[[ SOURCE DATA, beginning ]]

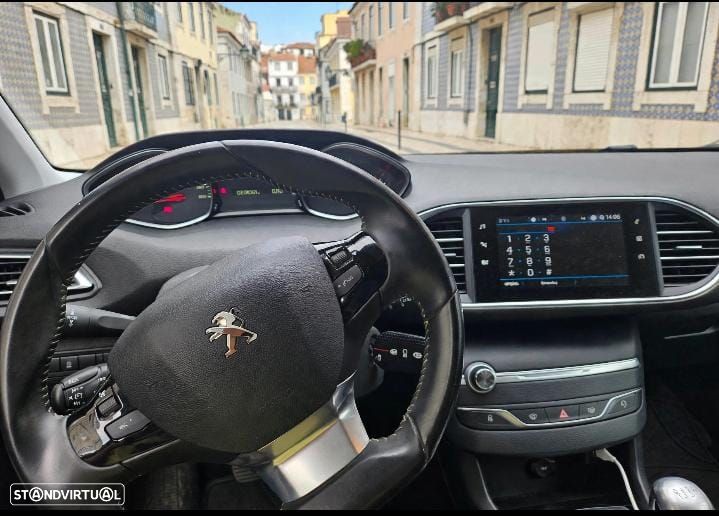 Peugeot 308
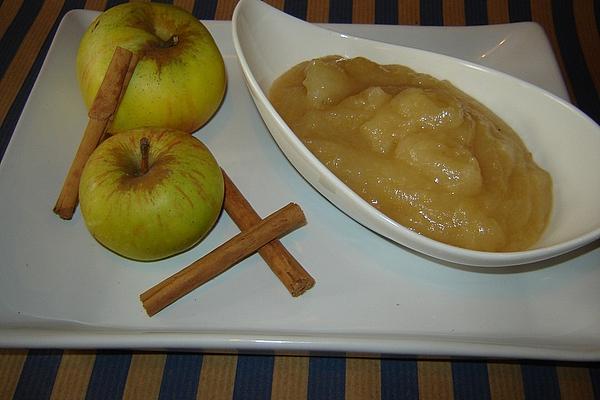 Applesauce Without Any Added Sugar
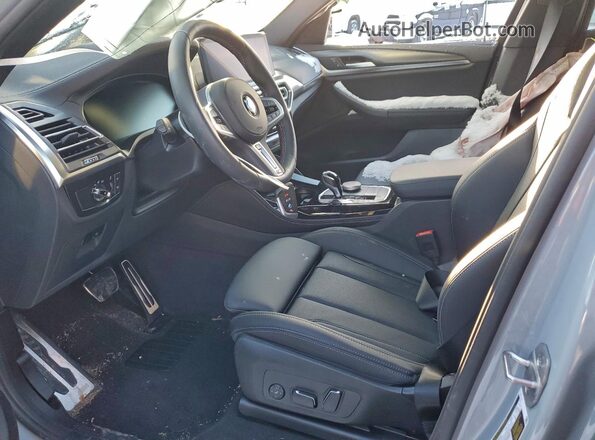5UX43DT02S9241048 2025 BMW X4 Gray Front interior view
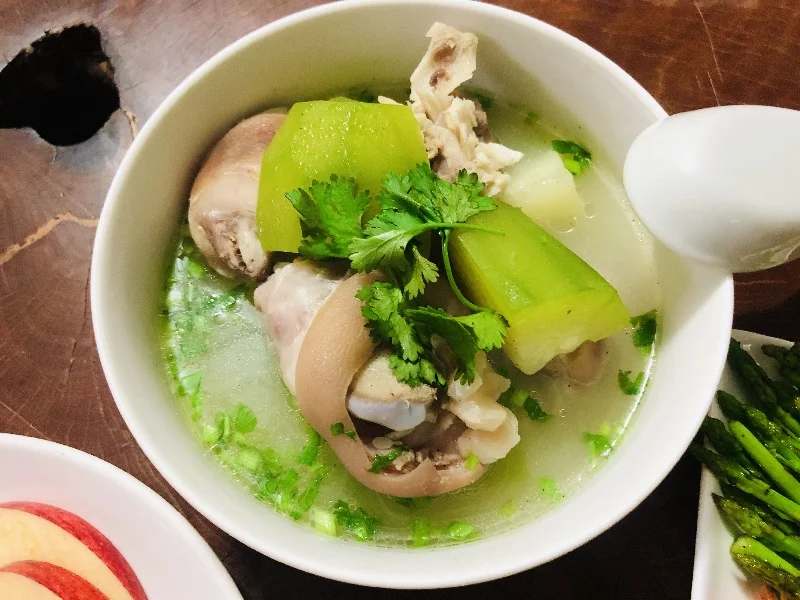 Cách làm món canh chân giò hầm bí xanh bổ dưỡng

[[ SOURCE DATA, end ]]

WHAT YOU WILL DO: A verbatim copy of the data, with all pictures omitted, is the required output.

SOLUTION:
 Peugeot 308
 Applesauce Without Any Added Sugar
5UX43DT02S9241048 2025 BMW X4 Gray Front interior view
 Cách làm món canh chân giò hầm bí xanh bổ dưỡng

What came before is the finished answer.